Hw04 - CS61A of UCB(2021-Fall)


Implement the planet data abstraction by completing the planet constructor and the size selector so that a planet is represented using a two-element list where the first element is the string 'planet' and the second element is its size.

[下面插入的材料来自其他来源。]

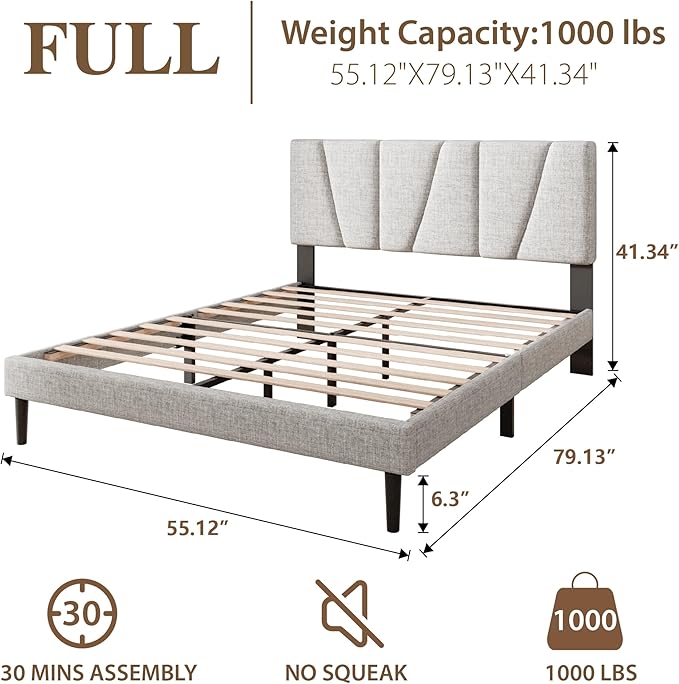 Full Size Bed Frame, Linen Upholstered Platform Bed with Headboard, Strong Wooden Slats Support, Noise-Free Mattress Foundation, No Box Spring Needed, Easy Assembly, Light Grey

从问题的描述中我们可以知道什么是 planet. 就是一个长度为 2 的 list, 内容是 ['planet', size]. 可以参考 mobile 函数, 这两个函数的代码是很类似的

python

def planet(size):
    """Construct a planet of some size."""
    assert size > 0
    return ['planet', size]


def size(w):
    """Select the size of a planet."""
    assert is_planet(w), 'must call size on a planet'
    return w[1]

Implement the balanced function, which returns whether m is a balanced mobile. A mobile is balanced if both of the following conditions are met:

  1. The torque applied by its left arm is equal to that applied by its right arm. The torque of the left arm is the length of the left rod multiplied by the total weight hanging from that rod. Likewise for the right. For example, if the left arm has a length of 5, and there is a mobile hanging at the end of the left arm of weight 10, the torque on the left side of our mobile is 50.
  2. Each of the mobiles hanging at the end of its arms is balanced.

Planets themselves are balanced, as there is nothing hanging off of them.

这个问题需要用递归的方法来解决. 我们判断一个 mobile 平衡的条件如下

  1. 它是 planet, 根据描述可以知道本身是平衡的
  2. 它是 arm, 并且 total_weight(left_arm) == total_weight(right_arm). 并且它的所有子树都要符合这个平衡的条件. 注意不要漏掉对子树的判断

写出代码的关键: 要区分开 arm, planet, mobile 这三个概念并且要能够知道用什么对应的函数来处理. 😢

python

def balanced(m):
    """Return whether m is balanced.

    >>> t, u, v = examples()
    >>> balanced(t)
    True
    >>> balanced(v)
    True
    >>> w = mobile(arm(3, t), arm(2, u))
    >>> balanced(w)
    False
    >>> balanced(mobile(arm(1, v), arm(1, w)))
    False
    >>> balanced(mobile(arm(1, w), arm(1, v)))
    False
    >>> from construct_check import check
    >>> # checking for abstraction barrier violations by banning indexing
    >>> check(HW_SOURCE_FILE, 'balanced', ['Index'])
    True
    """
    # planet is balanced 
    if is_planet(m):
        return True

    left_arm, right_arm = left(m), right(m)
    
    # end(...arm) will is a mobile or a planet
    left_val = length(left_arm) * total_weight(end(left_arm))
    right_val = length(right_arm) * total_weight(end(right_arm))
    return left_val == right_val and balanced(end(left_arm)) and balanced(end(right_arm))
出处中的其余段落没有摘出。